About this task:
Output exactly the lines below from the one containing "Постер книги Большой круг: Такая империя" to the last line, both included. Omit pictures.

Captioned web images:
[Start of Attachment]

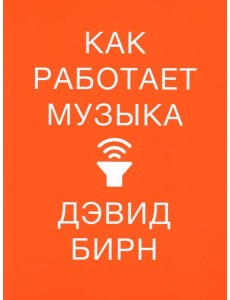 Как работает музыка
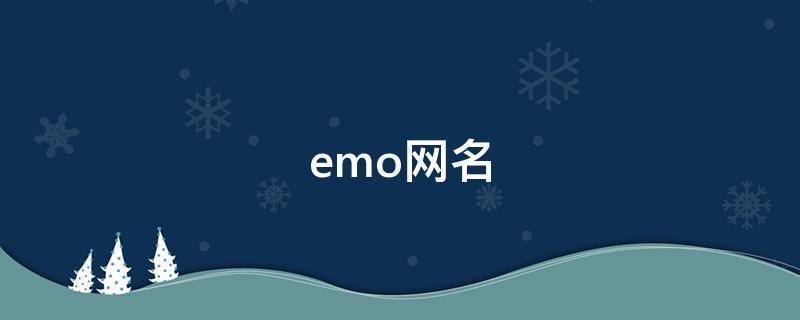emo网名 emo网名伤感
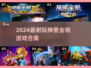 🔥神兽金刚游戏合集2024！超耐玩推荐🎮💥
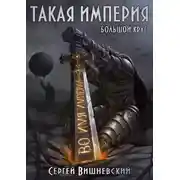 Постер книги Большой круг: Такая империя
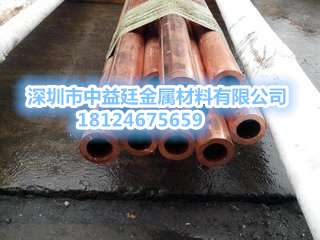 C26800是什么材料?进口美国铜合金
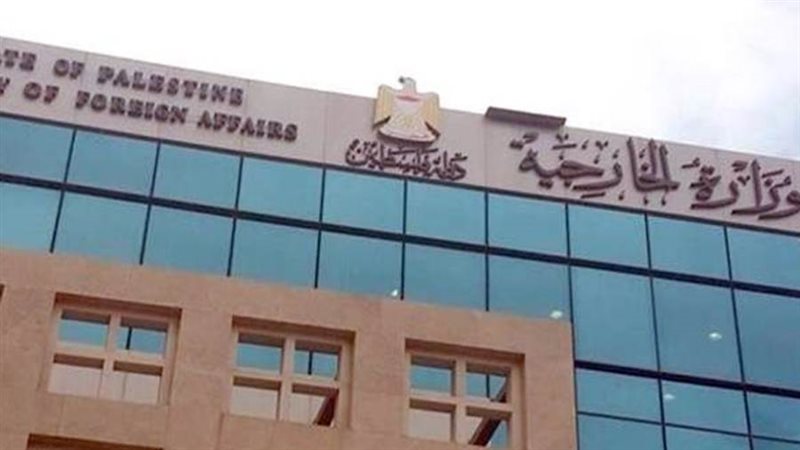 وزارة الخارجية والمغتربين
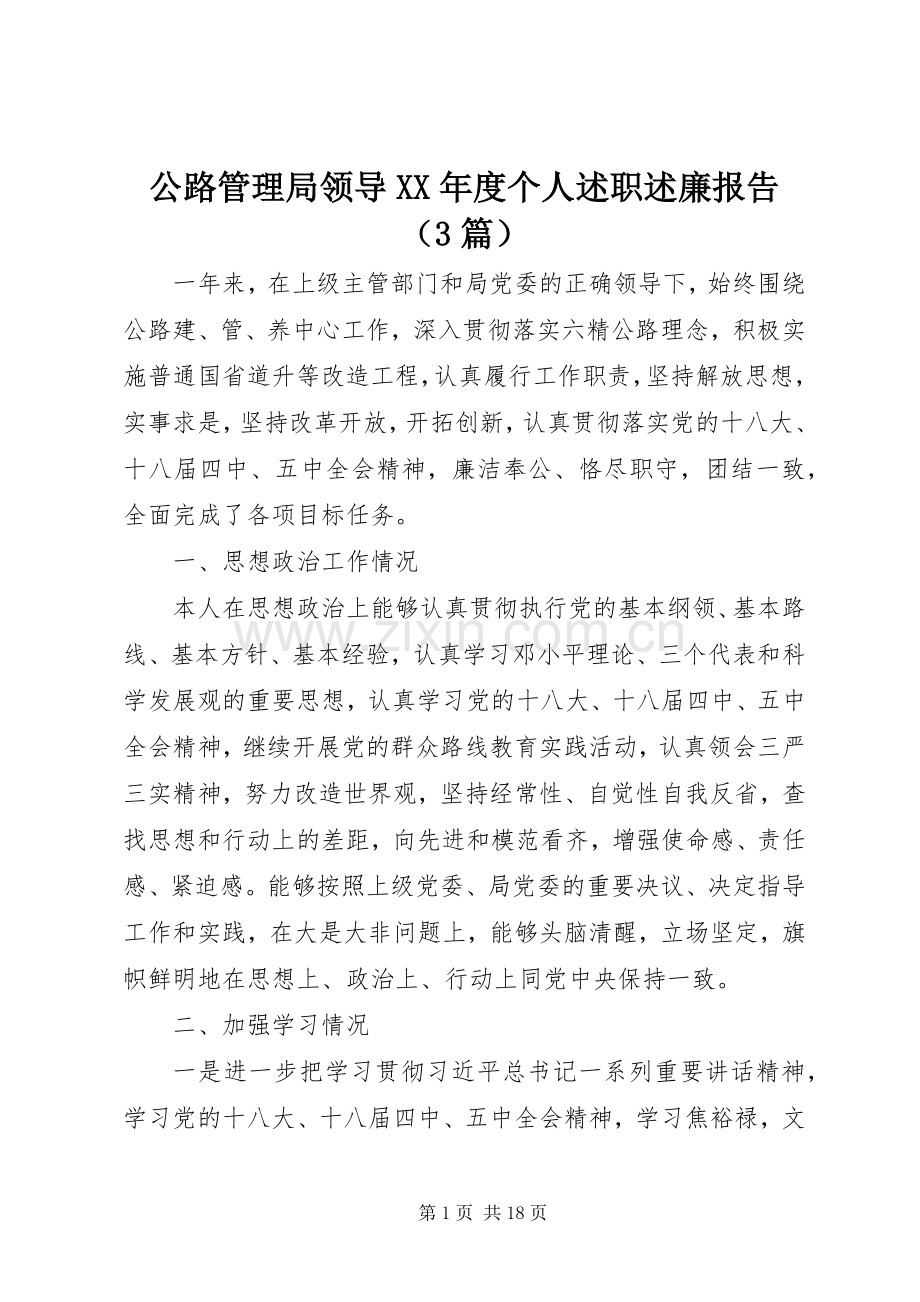 公路管理局领导XX年度个人述职述廉报告（3篇）.docx_第1页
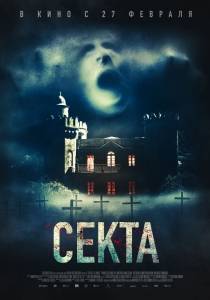 Секта / Il nido / The Nest Секта / Il nido / The Nest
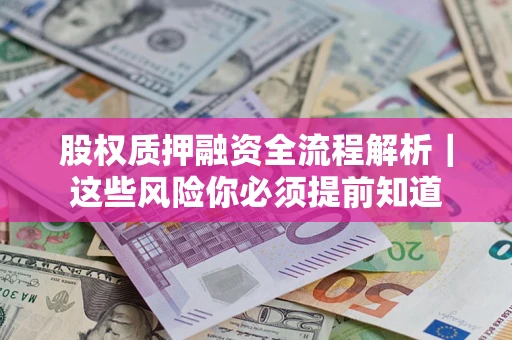 济南股权质押融资全流程解析｜这些风险你必须提前知道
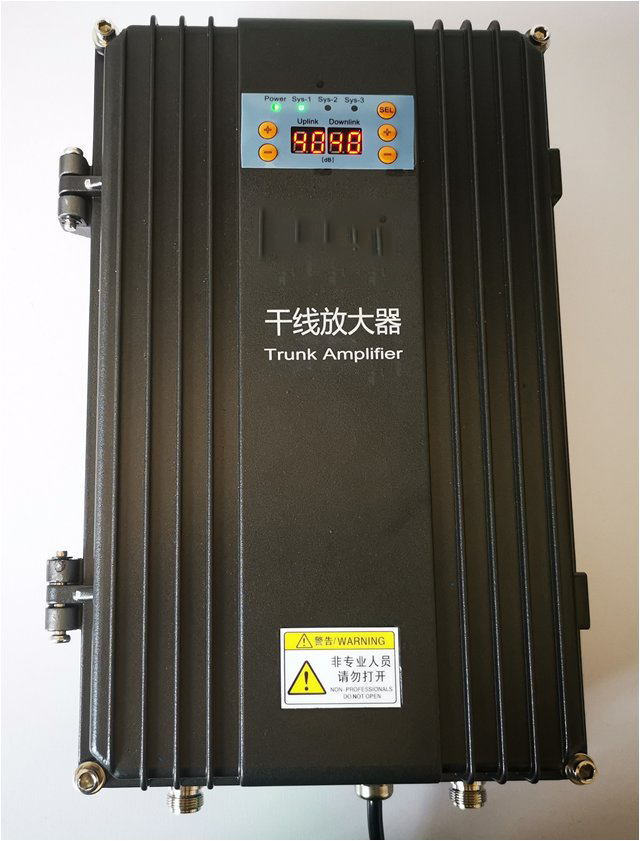  茂南FM调频广播双向干线放大器
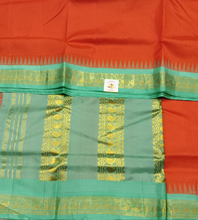 Load image into Gallery viewer, Pure silk 10.25yardz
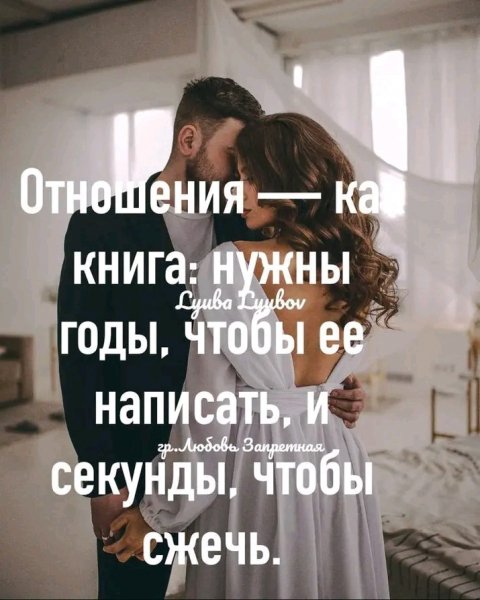 Любовь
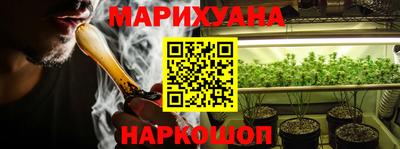 дистиллят марихуана Обь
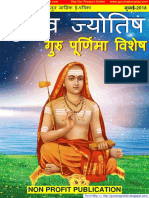 GURUTVA JYOTISH E-MAGAZINE JULY-2018 - गुरुत्व ज्योतिष ई पत्रीका जुलाई 2018 में प्रकशित लेख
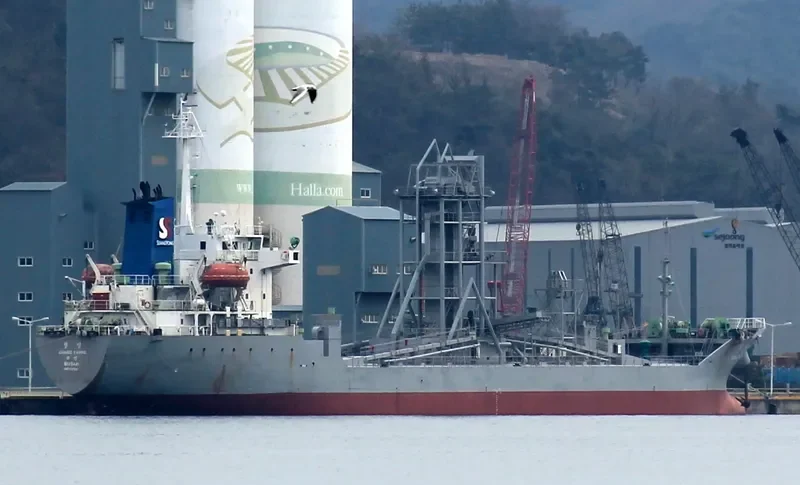 CHANG YAHNG General Cargo IMO 9121027 photo 5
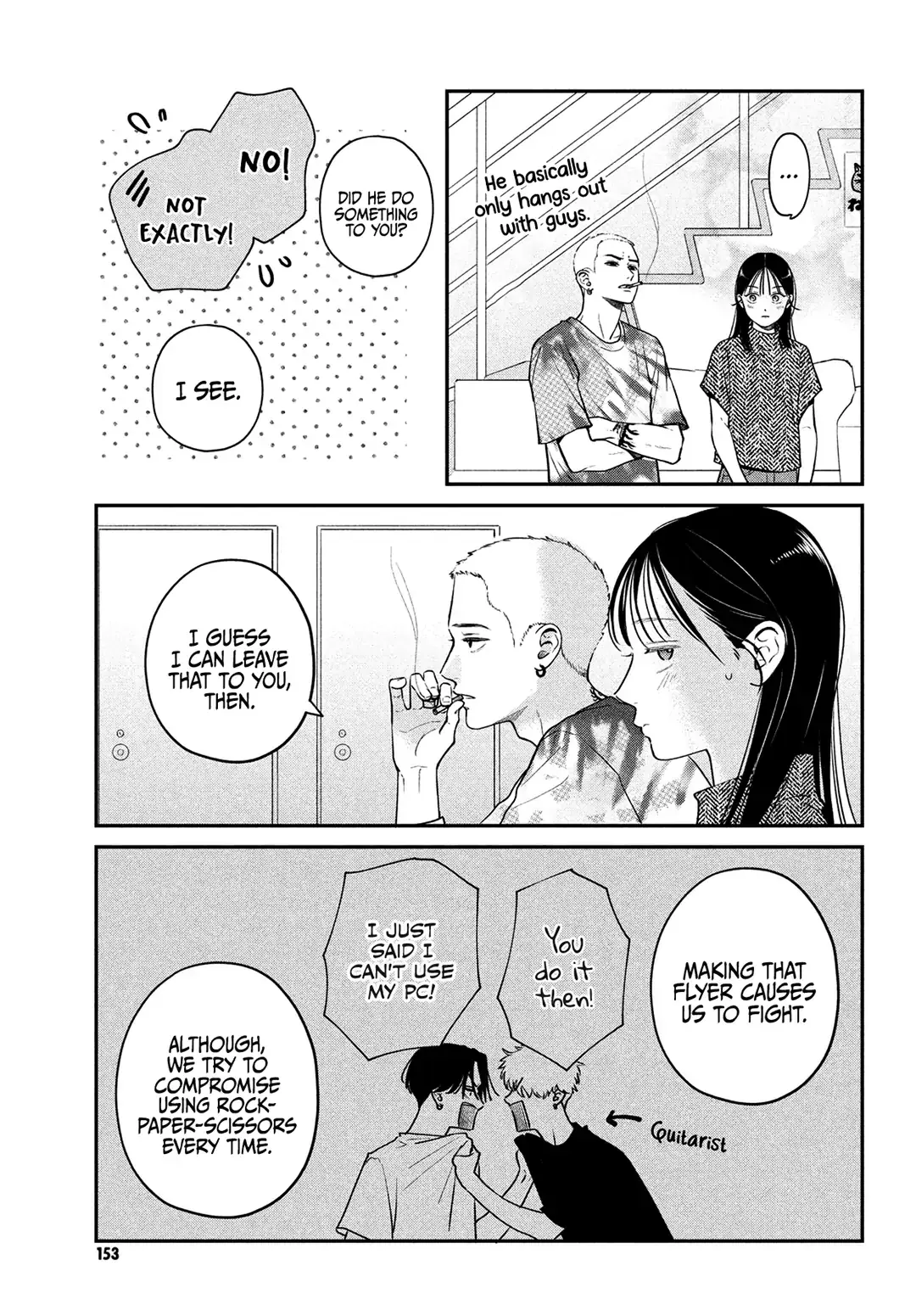 Museru Kurai no Ai wo Ageru - Chapter 3 - Page 13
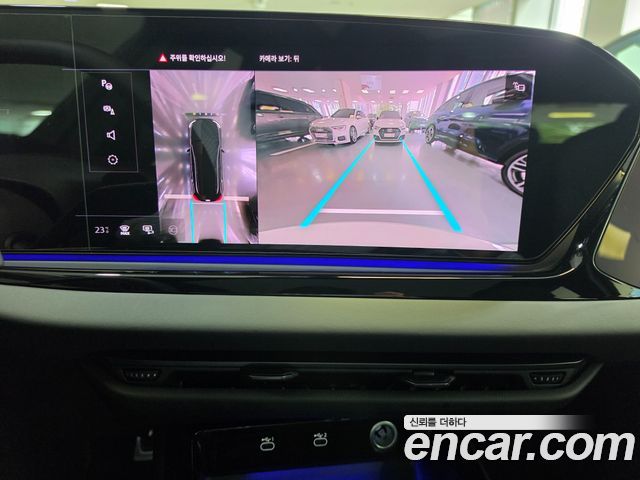 Audi A5 (B10) 40 TFSI Quattro S Line Black Edition 2025 — фото 21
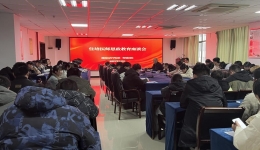 启思引航 强基固本——湖南医药学院第一附属医院举办住培医师思政教育讲座
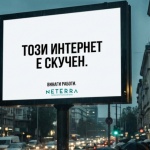 Нетера пусна две нови интернет услуги за бизнеса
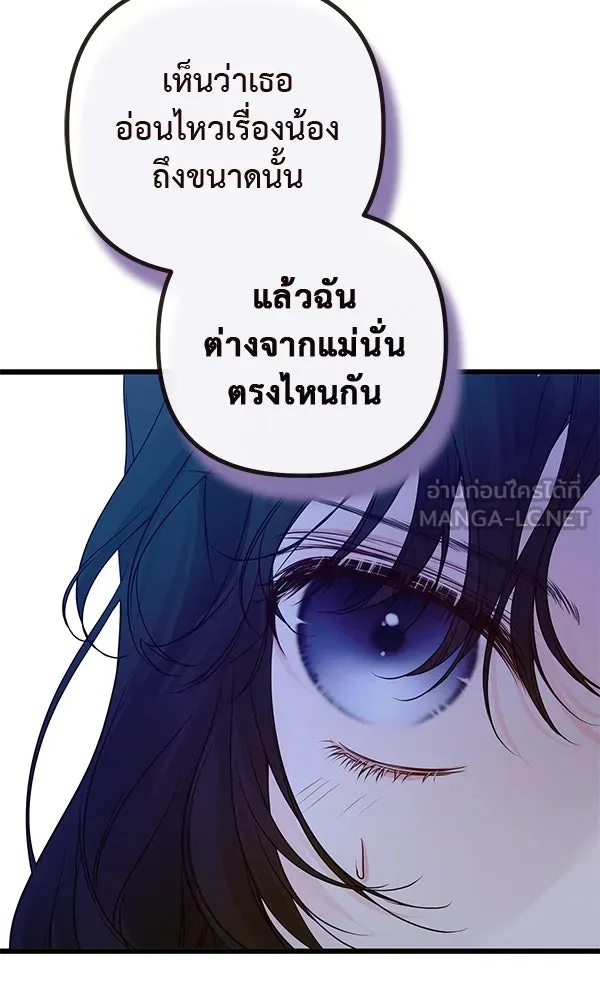 ชีวิตนี้เพื่อเธอ ตอนที่ 16 รูปที่ 48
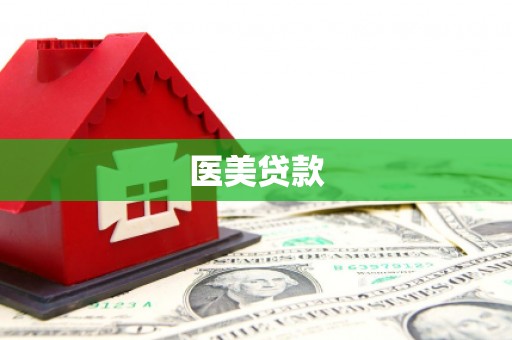 金昌医美贷款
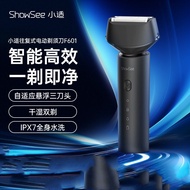 Showsee/xiaoshi Reciprocating Men's Electric Shaver Shaver Shaver Portable Shaver Shaver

[End of Attachment]

Output for this exercise:
 Постер книги Большой круг: Такая империя
 C26800是什么材料?进口美国铜合金
 وزارة الخارجية والمغتربين
 公路管理局领导XX年度个人述职述廉报告（3篇）.docx_第1页
 Секта / Il nido / The Nest Секта / Il nido / The Nest
 济南股权质押融资全流程解析｜这些风险你必须提前知道
  茂南FM调频广播双向干线放大器
 Load image into Gallery viewer, Pure silk 10.25yardz
 Любовь
 дистиллят марихуана Обь
 GURUTVA JYOTISH E-MAGAZINE JULY-2018 - गुरुत्व ज्योतिष ई पत्रीका जुलाई 2018 में प्रकशित लेख
 CHANG YAHNG General Cargo IMO 9121027 photo 5
 Museru Kurai no Ai wo Ageru - Chapter 3 - Page 13
 Audi A5 (B10) 40 TFSI Quattro S Line Black Edition 2025 — фото 21
 启思引航 强基固本——湖南医药学院第一附属医院举办住培医师思政教育讲座
 Нетера пусна две нови интернет услуги за бизнеса
 ชีวิตนี้เพื่อเธอ ตอนที่ 16 รูปที่ 48
 金昌医美贷款
 Showsee/xiaoshi Reciprocating Men's Electric Shaver Shaver Shaver Portable Shaver Shaver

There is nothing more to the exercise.